- Born: 17 June 1695 Gournay-en-Bray
- Died: 27 September 1742 (aged 47) Paris
- Alma mater: Sorbonne University ;
- Occupation: Librarian, theologian
- Employer: Sorbonne University ;

= Henri-Michel Guedier de Saint-Aubin =

French theologian

Henri-Michel Guedier de Saint-Aubin (17 June 1695 - 27 September 1742) was a French theologian.

He was born in Gournay-en-Bray on 17 June 1695. He studied at Paris, and received the doctor's degree from the Sorbonne Oct. 29,1723. He became professor in that institution in 1730, and its librarian in 1736. Some time after he obtained the abbey of St. Vulmer. He was acquainted with Hebrew, Greek, Latin, French, English, and Italian, besides history, theology, and kindred sciences. For fourteen years he decided all cases of conscience presented to the Sorbonne.

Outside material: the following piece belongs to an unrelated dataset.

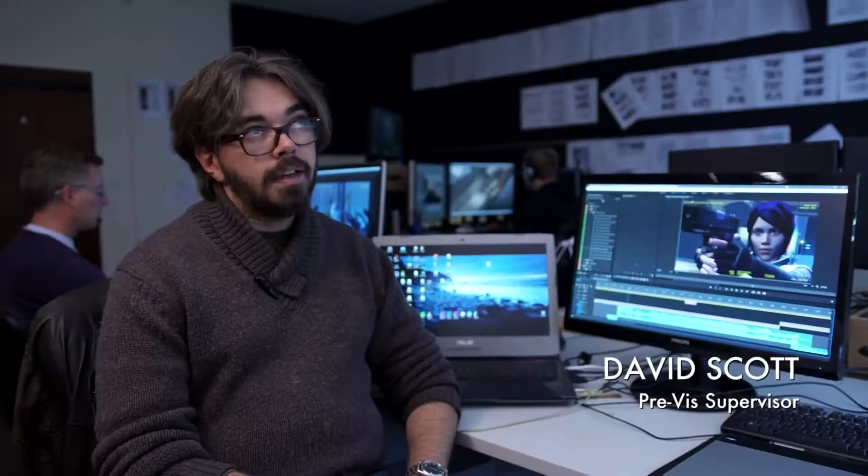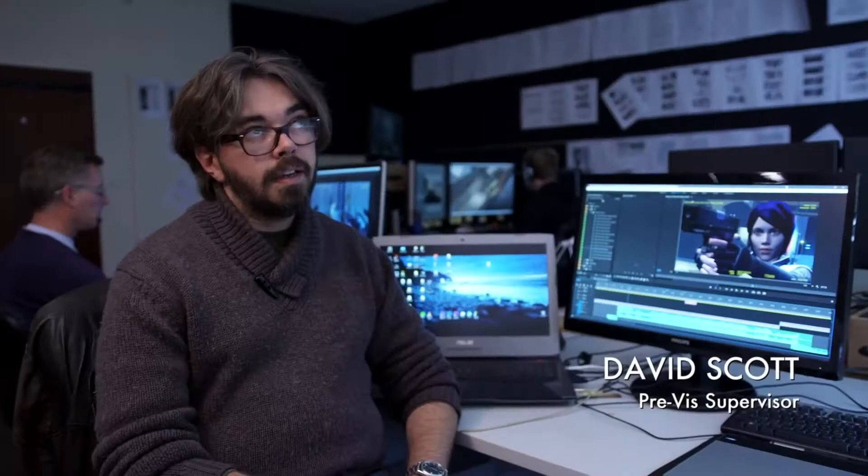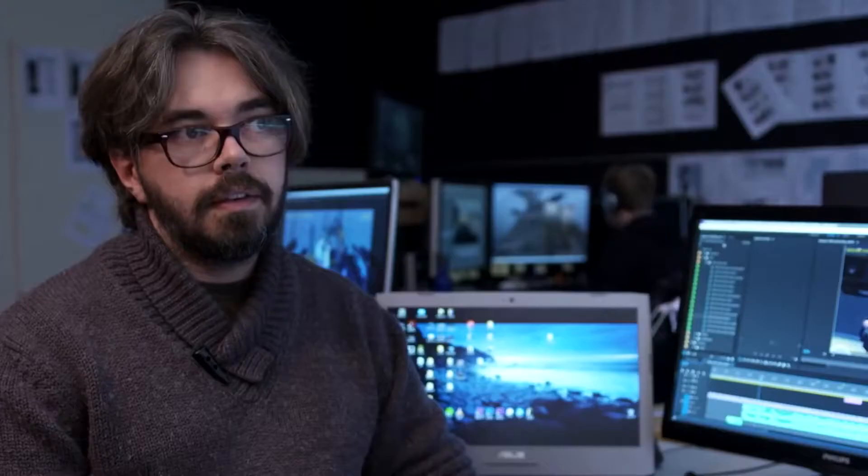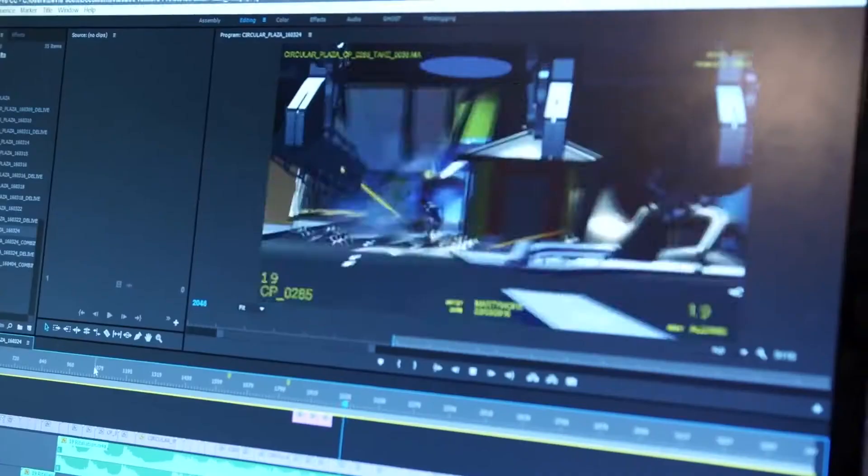Oftentimes we will use pre-vis instead of storyboards. Pre-vis is kind of like the video game version of the movie. It's a way that, with a very small crew, the producers and the director can get a sense of what the shots are going to look like well ahead of time.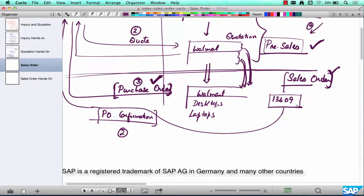The purchase order confirmation is essentially what a sales order is. In the next chapter, we are going to create a sales order in the system with reference to a quotation that we previously created and generate a sales order number.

He died in Paris on 27 September 1742.

He wrote, Histoire salute des deux Alliances (Paris, Didot, 1741, 7 vols. 12mo), which Moreri considers as a good concordance of the Old and New Testament. At the end of every part are remarks and arguments on the designs of the sacred writers, and on the authenticity and inspiration of their writings. — Ladvocat, Dict. historique; Moreri, Dict. hist. (edit. 1759); Hoefer, Nouv. Biog. Genesis 22:358.